Но то, что отличает Лейбница от «полиматов» эпохи Возрождения, которые так стремились к универсальному универсальному знанию, — это также его попытка реконструировать само существование науки — он мечтал о европейской системе научных сообществ. Принято считать, что его идеалом (несмотря на сложные отношения с Ньютоном) было Лондонское королевское общество. Опять же, общепринято, что в этом случае подтверждается тезис о Реформации как катализаторе развития точных наук.

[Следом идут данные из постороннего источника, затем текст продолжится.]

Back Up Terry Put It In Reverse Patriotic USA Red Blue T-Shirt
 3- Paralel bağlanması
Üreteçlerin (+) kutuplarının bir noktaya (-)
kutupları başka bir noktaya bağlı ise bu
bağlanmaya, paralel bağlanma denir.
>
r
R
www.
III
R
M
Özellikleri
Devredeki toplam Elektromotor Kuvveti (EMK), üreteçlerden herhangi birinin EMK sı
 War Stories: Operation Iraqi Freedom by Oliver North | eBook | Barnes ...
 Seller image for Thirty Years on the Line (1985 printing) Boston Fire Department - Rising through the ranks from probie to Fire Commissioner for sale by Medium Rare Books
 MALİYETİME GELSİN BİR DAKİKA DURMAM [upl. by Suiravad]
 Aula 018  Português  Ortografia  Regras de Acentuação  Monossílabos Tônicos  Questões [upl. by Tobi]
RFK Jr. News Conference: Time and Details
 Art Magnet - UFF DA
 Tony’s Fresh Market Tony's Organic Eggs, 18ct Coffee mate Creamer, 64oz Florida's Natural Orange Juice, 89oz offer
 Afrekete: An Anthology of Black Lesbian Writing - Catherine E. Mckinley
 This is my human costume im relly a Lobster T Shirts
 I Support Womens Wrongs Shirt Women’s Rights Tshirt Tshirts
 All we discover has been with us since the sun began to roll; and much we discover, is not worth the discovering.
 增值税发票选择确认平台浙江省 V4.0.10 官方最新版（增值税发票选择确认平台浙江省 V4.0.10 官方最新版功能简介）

Этот тезис был выдвинут в 1936 году великим американским социологом Робертом Мертоном, который попытался развить мысль Макса Вебера в другом направлении. Если определенный набор моральных и психологических убеждений, основанных на религиозных убеждениях, смог изменить экономическую жизнь цивилизованного мира, почему бы не попытаться связать с ним научную революцию? Если в течение первых ста лет существования Королевского общества в его членах явно не преобладали католики, а англикане, для ясности, были вытеснены более решительными протестантами.
Критиковать Мертона казалось даже проще, чем критиковать Вебера. В чем смысл, говорят они, этих лондонских протестантов, иначе Декарт, Ферма, Гассенди, Галилео и Торричелли менее важны для истории науки.